Tories in crisis blog: May’s painful endgame is under way
Date 13.12.2018
13.12.2018Kate Ironside is a Senior Lecturer in Journalism at the University of Northampton and a former political journalist. She spent 13 years at Westminster, working for Central Press, the Daily Express and BBC Westminster and, for 17 years, wrote a weekly award-winning column on the European Union for the Western Morning News. She sits on the executive board of the Broadcast Journalism Training Council and has written Reporting Power, the official BJTC textbook on public affairs.
What we are witnessing are the prolonged death throes of Theresa May’s premiership. Last night’s attempted vote of no confidence hasn’t actually changed the fundamentals. It has merely made an existing very bad situation marginally worse.
Mrs May remains in post. For now. But she is wounded (again). And as one of her leading parliamentary critics, Jacob Rees-Mogg pertinently pointed out, she remains a Prime Minister who cannot get her business through the House of Commons. She is in office, but not in power. She still doesn’t have a majority for her Brexit deal and until she does, her administration remains paralysed.
That’s a tragedy because there is so many important domestic areas of policy that urgently need Government attention. Police forces are struggling. The NHS is braced for another bruising winter. There’s a shortage of nurses, midwives and GPs. The housing market – in the words of the Government – is broken. More and truly radical action is needed if our young people are to afford a home of their own before they hit middle-age.
And yet none of these issues will be properly addressed until Brexit is fixed.
That is why Mrs May is back in Brussels today trying to get some further softening on the terms of the Irish backstop. Last night’s vote didn’t change that fundamental. It merely added a layer of fresh urgency to it. For her Brexit deal to survive a Commons vote, she needs enough backpedalling on the backstop to win over at least some of her Conservative critics and ideally calm the fears of the 10 DUP MPs whose votes she depends upon to prop up her government.
If the fresh words she wrings out of the EU don’t satisfy every single one of her Conservative and DUP critics – and it is not looking hopeful – then she is going to be dependent on Opposition MPs to vote her deal through in the New Year. There’s a precedent for that. In 1972 the Conservative Prime Minister Edward Heath only succeeded in taking the UK into the then European Economic Community with the help of 69 rebel Labour MPs’ votes. It has a certain neat symmetry but for the Conservatives, it is appalling politics.
Voters dislike divided parties and what last night’s attempted vote of no confidence did was turn yet another powerful spotlight on the Conservatives’ open, raw and bleeding divisions. 200 MPs supported the Prime Minister but 117 Conservative MPs did not – including several Northamptonshire backbenchers. It was devastating.

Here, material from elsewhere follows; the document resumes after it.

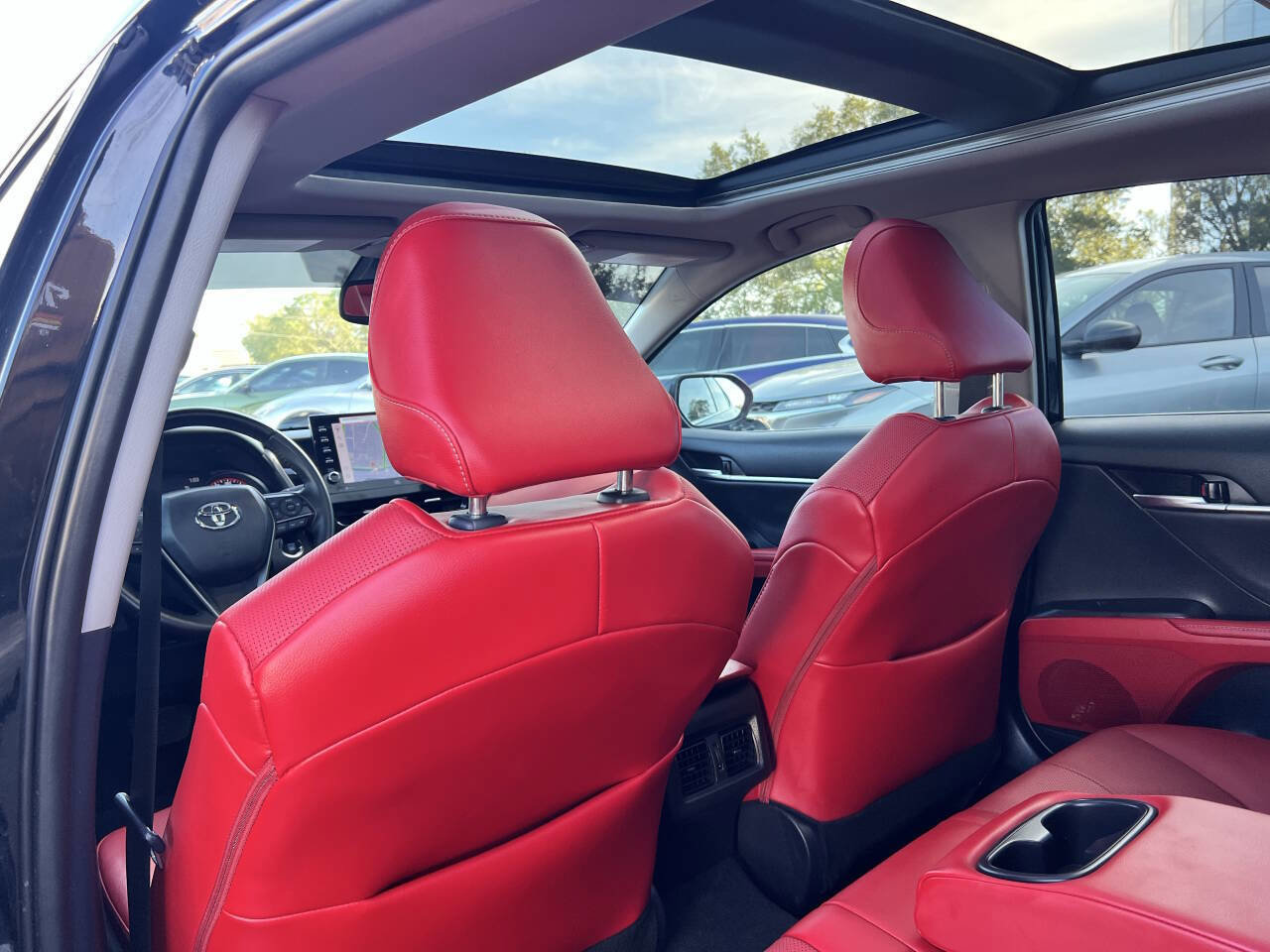 Used 2024 Toyota Camry XSE w/ Navigation Package image 35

In a bid to ensure her own survival, Mrs May promised her MPs that she would not fight the next election as Conservative leader. That’s not actually a concession. She’s been living on borrowed time ever since she threw away the Conservative Government’s majority in her ill-fated snap election last year. Her parliamentary party has never had any intention of letting her lead them into the election of 2022.The only question is precisely when she will step down. Last night she was remaining tight-lipped on the date but both she and the Conservative parliamentary party knows that she will need to give her replacement time to bed in before the next election.
An early general election remains on the cards. And whenever the next election comes, by hook or by crook, Mrs May will be gone. The endgame of her premiership may be short. It may be protracted. But either way it is painful and it is under way.